The increasing global penetration of renewable energy sources based on power electronic converters has raised significant concerns regarding resonance phenomena and small-signal instabilities, which pose critical threats to power system stability and reliable operation. Recent incidents, including widespread blackouts and equipment failures resulting from harmonic interactions involving inverters in modern power systems, underscore the severity of these issues. A primary cause of such instabilities is the interaction between the grid and the control systems of the power converters.

Recent studies indicate that the impact of inverters on system stability is directly related to the direction of power flow. When operating in rectifier mode, the converter’s AC-side admittance may exhibit non-passive behavior in the low-frequency range. This analysis is particularly relevant when integrating battery energy storage systems into the grid, as the converter operates as a rectifier during the charging process.

This study presents a detailed evaluation of the impact of the dc/dc converter on the small-signal stability analysis of a grid-connected battery storage system. For this end, both the ac/dc and dc/dc converters are modeled in state-space representation, as a set of nonlinear algebraic-differential equations. For the state-space modeling, the CCM (Component Connection Method) is adopted due to its modularity and scalability, which allow large and complex systems to be decomposed into smaller blocks. The nonlinear system is linearized and validated by Electromagnetic Transients (EMT) simulations in the MATLAB/Simulink environment. The linearized model is then used to conduct eigenanalyses for a thorough parametric evaluation of the dc-side control and a large set of operating points. Among the operating points, both the battery charging and discharging are included, as different instability phenomena can arise from each operation mode, in several frequency spectra. Through participation factor, sensitivity, and modal analyses, the influence of each dc/dc control parameter on the resonance frequencies and overall stability is assessed, separately for the charging and discharging scenarios.

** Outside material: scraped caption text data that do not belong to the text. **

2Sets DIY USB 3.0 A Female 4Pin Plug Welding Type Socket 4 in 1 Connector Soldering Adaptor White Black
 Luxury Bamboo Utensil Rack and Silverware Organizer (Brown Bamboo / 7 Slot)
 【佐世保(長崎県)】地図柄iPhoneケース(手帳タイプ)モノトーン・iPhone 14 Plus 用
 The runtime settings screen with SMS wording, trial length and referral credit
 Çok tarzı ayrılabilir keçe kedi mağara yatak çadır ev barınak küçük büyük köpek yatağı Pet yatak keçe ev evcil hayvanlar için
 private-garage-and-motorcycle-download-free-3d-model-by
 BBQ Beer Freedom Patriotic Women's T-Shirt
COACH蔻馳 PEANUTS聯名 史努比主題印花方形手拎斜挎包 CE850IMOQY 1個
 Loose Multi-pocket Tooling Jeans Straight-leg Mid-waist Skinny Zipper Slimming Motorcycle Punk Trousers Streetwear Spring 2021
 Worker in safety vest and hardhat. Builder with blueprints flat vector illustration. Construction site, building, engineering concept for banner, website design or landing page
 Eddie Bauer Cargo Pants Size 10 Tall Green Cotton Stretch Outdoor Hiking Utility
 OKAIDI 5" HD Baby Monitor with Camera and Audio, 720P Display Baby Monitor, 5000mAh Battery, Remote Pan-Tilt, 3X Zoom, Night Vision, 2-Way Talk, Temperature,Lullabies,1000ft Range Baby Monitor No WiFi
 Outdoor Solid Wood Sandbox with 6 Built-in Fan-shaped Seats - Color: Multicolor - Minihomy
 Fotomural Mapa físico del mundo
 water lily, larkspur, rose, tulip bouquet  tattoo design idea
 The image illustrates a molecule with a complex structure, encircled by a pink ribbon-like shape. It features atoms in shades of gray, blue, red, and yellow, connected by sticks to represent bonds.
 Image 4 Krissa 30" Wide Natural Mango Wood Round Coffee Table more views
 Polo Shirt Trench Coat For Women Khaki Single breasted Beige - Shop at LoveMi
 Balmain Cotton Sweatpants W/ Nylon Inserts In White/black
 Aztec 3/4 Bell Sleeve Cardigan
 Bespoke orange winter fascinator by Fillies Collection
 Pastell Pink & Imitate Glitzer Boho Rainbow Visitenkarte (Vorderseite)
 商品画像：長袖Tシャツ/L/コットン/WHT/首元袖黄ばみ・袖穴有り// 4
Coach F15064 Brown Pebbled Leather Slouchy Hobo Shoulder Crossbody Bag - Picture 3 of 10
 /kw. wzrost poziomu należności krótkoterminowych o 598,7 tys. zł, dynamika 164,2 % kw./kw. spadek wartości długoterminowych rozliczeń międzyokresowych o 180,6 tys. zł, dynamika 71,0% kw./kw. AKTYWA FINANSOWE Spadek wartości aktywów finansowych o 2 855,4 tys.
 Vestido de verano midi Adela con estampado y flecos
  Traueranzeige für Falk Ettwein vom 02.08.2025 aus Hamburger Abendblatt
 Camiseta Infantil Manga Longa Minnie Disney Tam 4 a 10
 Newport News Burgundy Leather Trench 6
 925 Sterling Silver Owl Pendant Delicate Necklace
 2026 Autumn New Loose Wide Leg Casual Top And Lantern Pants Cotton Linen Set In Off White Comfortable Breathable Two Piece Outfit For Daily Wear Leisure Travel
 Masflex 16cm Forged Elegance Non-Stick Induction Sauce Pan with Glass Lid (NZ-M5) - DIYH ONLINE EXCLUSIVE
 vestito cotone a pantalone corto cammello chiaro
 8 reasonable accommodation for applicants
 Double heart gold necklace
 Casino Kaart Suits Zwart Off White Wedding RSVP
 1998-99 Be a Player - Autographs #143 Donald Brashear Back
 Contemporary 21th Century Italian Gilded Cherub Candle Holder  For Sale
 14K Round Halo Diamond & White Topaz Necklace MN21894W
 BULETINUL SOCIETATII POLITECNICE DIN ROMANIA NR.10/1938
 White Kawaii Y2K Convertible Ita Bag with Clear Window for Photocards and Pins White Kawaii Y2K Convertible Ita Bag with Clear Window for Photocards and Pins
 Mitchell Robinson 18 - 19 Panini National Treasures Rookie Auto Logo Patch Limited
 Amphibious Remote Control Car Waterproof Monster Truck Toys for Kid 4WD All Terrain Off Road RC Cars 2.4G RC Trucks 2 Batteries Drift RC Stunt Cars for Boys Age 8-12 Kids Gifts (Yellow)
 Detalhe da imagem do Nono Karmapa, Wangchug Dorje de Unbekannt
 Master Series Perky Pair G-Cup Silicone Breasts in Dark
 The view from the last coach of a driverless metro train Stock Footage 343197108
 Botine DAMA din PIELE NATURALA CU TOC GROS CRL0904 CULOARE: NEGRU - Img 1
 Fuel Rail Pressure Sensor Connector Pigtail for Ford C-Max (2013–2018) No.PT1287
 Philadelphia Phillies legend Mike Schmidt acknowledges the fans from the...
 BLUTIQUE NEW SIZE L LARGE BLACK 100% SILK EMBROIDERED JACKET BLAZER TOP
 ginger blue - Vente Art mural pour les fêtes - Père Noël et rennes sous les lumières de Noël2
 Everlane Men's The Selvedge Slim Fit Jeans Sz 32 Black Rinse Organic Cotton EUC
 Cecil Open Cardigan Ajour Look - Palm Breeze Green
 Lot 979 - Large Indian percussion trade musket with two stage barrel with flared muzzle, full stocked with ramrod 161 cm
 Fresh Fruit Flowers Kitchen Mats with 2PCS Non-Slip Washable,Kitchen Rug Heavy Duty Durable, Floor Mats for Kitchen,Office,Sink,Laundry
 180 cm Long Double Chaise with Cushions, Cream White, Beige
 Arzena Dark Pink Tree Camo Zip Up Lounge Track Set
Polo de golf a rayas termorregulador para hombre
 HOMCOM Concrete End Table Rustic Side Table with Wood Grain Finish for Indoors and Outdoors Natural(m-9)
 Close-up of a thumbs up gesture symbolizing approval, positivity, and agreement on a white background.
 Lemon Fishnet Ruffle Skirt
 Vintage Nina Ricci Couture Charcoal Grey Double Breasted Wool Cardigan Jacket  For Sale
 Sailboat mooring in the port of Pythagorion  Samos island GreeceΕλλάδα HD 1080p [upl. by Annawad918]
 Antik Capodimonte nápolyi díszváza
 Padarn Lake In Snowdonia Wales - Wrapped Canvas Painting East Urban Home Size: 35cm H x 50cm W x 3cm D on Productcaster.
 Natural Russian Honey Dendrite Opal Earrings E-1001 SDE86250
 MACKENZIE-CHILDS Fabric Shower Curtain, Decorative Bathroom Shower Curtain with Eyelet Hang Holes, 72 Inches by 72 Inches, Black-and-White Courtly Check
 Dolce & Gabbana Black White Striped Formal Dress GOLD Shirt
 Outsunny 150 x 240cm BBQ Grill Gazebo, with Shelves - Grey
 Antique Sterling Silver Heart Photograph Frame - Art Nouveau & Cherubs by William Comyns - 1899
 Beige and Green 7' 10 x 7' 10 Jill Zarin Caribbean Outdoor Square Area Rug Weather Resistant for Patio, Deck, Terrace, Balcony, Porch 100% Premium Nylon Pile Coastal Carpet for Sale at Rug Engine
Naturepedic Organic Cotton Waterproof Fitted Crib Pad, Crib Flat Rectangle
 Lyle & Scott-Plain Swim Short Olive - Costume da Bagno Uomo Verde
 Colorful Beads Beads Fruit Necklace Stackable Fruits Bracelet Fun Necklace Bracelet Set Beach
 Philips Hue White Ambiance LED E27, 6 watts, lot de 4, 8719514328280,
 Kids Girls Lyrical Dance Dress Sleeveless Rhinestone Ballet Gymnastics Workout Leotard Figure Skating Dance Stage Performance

The obtained results contribute to the ongoing discussions on the instability and resonance issues in power systems with high insertion of power converters. Among the paper’s results and conclusions, the following points are summarized: the dc-link voltage control, mainly in the battery charging operation mode, can introduce negative damping of oscillations in the low-frequency range; and both the battery dc-side controller and the dc-link control bandwidth may introduce modes with resonance frequencies in the same range as other existing control loops, leading to instability. These points highlight the importance of proper tuning of the dc-side controllers in preventing resonance instability phenomena in modern power systems.